- **Information supplied**:
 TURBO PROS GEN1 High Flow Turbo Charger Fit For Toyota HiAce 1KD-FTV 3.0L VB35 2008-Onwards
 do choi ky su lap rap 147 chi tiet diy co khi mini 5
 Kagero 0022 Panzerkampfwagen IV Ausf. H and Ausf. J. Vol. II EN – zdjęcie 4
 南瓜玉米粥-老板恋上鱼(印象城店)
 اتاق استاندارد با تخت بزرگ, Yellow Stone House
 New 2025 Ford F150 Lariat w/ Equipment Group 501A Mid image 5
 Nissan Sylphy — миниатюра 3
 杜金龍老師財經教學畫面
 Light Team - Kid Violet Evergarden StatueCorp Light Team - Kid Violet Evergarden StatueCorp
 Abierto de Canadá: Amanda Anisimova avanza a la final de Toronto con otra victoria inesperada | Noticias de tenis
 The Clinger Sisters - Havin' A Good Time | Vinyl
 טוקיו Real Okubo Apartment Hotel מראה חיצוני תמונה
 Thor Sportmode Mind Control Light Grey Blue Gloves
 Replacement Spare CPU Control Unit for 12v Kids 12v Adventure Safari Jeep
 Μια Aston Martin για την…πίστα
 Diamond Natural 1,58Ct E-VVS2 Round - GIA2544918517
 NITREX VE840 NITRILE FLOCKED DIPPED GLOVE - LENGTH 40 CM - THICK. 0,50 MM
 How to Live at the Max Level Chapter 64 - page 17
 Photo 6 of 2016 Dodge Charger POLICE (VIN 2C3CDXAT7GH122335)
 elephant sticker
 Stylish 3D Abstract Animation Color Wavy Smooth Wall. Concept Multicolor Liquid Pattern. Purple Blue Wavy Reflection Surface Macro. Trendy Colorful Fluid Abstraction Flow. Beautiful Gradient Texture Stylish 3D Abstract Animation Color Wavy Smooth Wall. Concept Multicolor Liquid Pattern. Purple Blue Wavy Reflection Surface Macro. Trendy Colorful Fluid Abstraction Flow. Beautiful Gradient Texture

- **Instructions to follow**: From the line containing "杜金龍老師財經教學畫面" to the final line of the data, repeat each line exactly. Include both ends.

- **Completed task**:
 杜金龍老師財經教學畫面
 Light Team - Kid Violet Evergarden StatueCorp Light Team - Kid Violet Evergarden StatueCorp
 Abierto de Canadá: Amanda Anisimova avanza a la final de Toronto con otra victoria inesperada | Noticias de tenis
 The Clinger Sisters - Havin' A Good Time | Vinyl
 טוקיו Real Okubo Apartment Hotel מראה חיצוני תמונה
 Thor Sportmode Mind Control Light Grey Blue Gloves
 Replacement Spare CPU Control Unit for 12v Kids 12v Adventure Safari Jeep
 Μια Aston Martin για την…πίστα
 Diamond Natural 1,58Ct E-VVS2 Round - GIA2544918517
 NITREX VE840 NITRILE FLOCKED DIPPED GLOVE - LENGTH 40 CM - THICK. 0,50 MM
 How to Live at the Max Level Chapter 64 - page 17
 Photo 6 of 2016 Dodge Charger POLICE (VIN 2C3CDXAT7GH122335)
 elephant sticker
 Stylish 3D Abstract Animation Color Wavy Smooth Wall. Concept Multicolor Liquid Pattern. Purple Blue Wavy Reflection Surface Macro. Trendy Colorful Fluid Abstraction Flow. Beautiful Gradient Texture Stylish 3D Abstract Animation Color Wavy Smooth Wall. Concept Multicolor Liquid Pattern. Purple Blue Wavy Reflection Surface Macro. Trendy Colorful Fluid Abstraction Flow. Beautiful Gradient Texture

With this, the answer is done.